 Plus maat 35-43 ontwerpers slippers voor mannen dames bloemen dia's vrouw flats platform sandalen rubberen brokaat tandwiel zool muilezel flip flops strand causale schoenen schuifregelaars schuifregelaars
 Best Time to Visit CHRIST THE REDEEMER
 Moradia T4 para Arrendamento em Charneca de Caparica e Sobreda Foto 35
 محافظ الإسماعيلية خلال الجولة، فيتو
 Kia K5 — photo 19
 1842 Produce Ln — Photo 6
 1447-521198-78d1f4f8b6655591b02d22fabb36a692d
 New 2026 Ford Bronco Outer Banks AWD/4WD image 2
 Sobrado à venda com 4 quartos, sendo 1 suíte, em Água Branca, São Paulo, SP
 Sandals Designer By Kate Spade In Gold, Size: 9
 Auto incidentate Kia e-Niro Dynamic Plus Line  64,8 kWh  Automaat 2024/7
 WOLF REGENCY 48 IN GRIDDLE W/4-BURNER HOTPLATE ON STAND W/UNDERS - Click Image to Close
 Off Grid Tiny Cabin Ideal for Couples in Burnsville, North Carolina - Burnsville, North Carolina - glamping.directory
======
▶ PROBLEM: Return the listing above in its exact form.

▶ OUTPUT BELOW:
 Plus maat 35-43 ontwerpers slippers voor mannen dames bloemen dia's vrouw flats platform sandalen rubberen brokaat tandwiel zool muilezel flip flops strand causale schoenen schuifregelaars schuifregelaars
 Best Time to Visit CHRIST THE REDEEMER
 Moradia T4 para Arrendamento em Charneca de Caparica e Sobreda Foto 35
 محافظ الإسماعيلية خلال الجولة، فيتو
 Kia K5 — photo 19
 1842 Produce Ln — Photo 6
 1447-521198-78d1f4f8b6655591b02d22fabb36a692d
 New 2026 Ford Bronco Outer Banks AWD/4WD image 2
 Sobrado à venda com 4 quartos, sendo 1 suíte, em Água Branca, São Paulo, SP
 Sandals Designer By Kate Spade In Gold, Size: 9
 Auto incidentate Kia e-Niro Dynamic Plus Line  64,8 kWh  Automaat 2024/7
 WOLF REGENCY 48 IN GRIDDLE W/4-BURNER HOTPLATE ON STAND W/UNDERS - Click Image to Close
 Off Grid Tiny Cabin Ideal for Couples in Burnsville, North Carolina - Burnsville, North Carolina - glamping.directory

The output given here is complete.